First CNV-specific reference material for gene amplifications in breast, lung, and brain cancer
February 14, 2018
SeraCare Life Sciences is expanding what is already the most comprehensive suite of clinical genomics development, validation, and QC tools with the launch of the SeraseqTM Breast CNV and Seraseq Lung and Brain CNV Mix. Reference materials that analyze for CNVs allow for a complete and comprehensive variant assessment of DNA-based tumor profiling and diagnostic molecular assays beyond SNVs and indels. These expert-designed products are built with innovative biosynthetic technology that is easily scalable to incorporate new CNVs over time.
Copy number variations (CNVs) are DNA segments present at a variable copy number in comparison to a normal genome. Cells that are affected by aberrant copy number changes for certain cancer-associated genes may experience disruption of normal cellular function and, ultimately, tumorigenesis. Next-generation sequencing (NGS) can be used to determine CNVs across multiple genes in a sequencing run.

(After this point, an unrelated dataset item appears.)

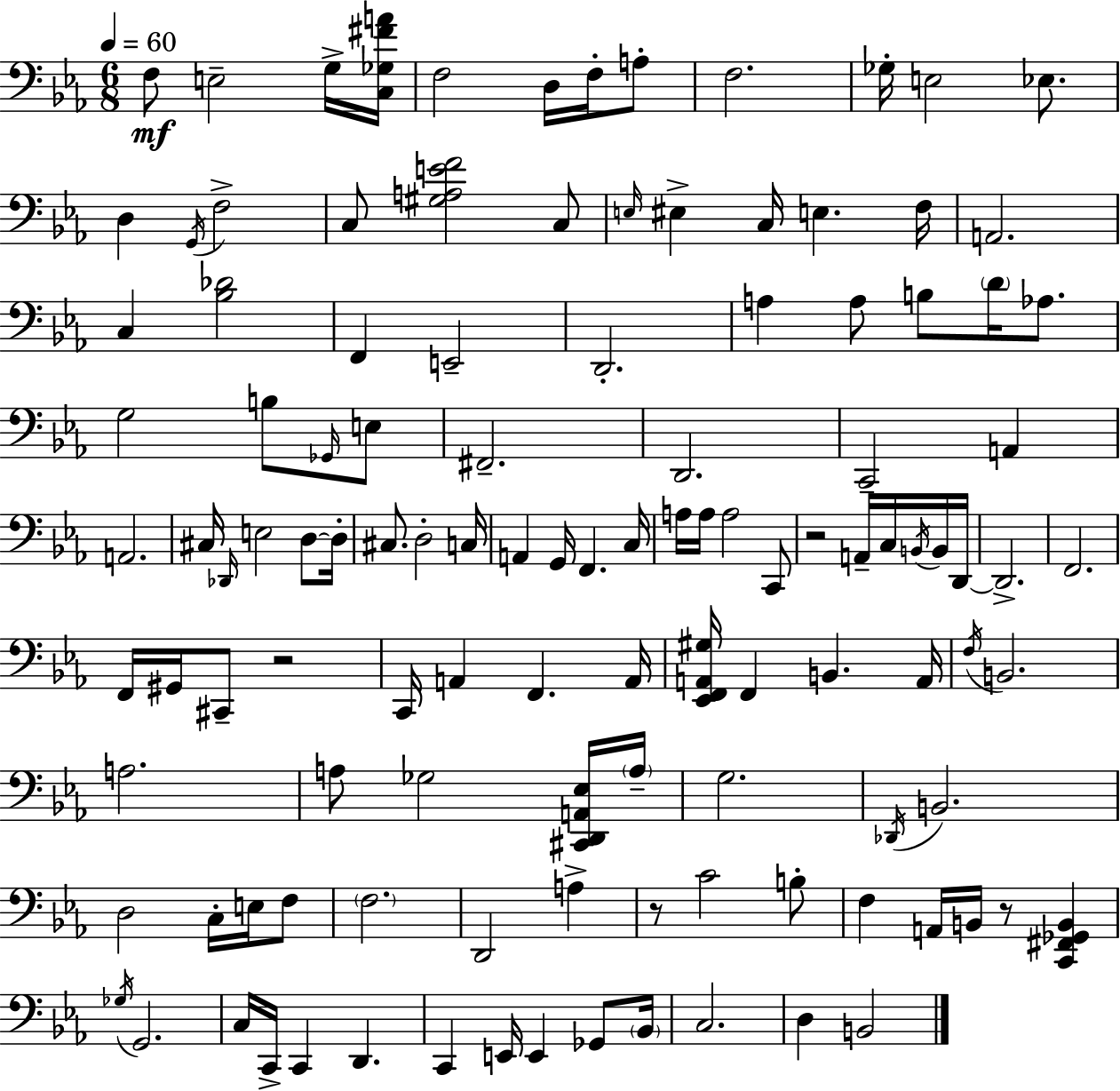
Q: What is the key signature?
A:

In order to help clinical labs performing NGS-based tumor profiling for cancer diseases thoroughly understand and characterize their assays, SeraCare has developed the first set of dedicated CNV reference materials for NGS assays – Seraseq Breast CNV Mix and Seraseq Lung and Brain CNV Mix. These unique products were precisely quantified using highly sensitive digital PCR assays to analyze amplifications of EGFR, MET, FGFR3, MYC, ERBB2, and MYCN genes at +3, +6, and +12 copies against a single well-characterized genomic background (GM24385).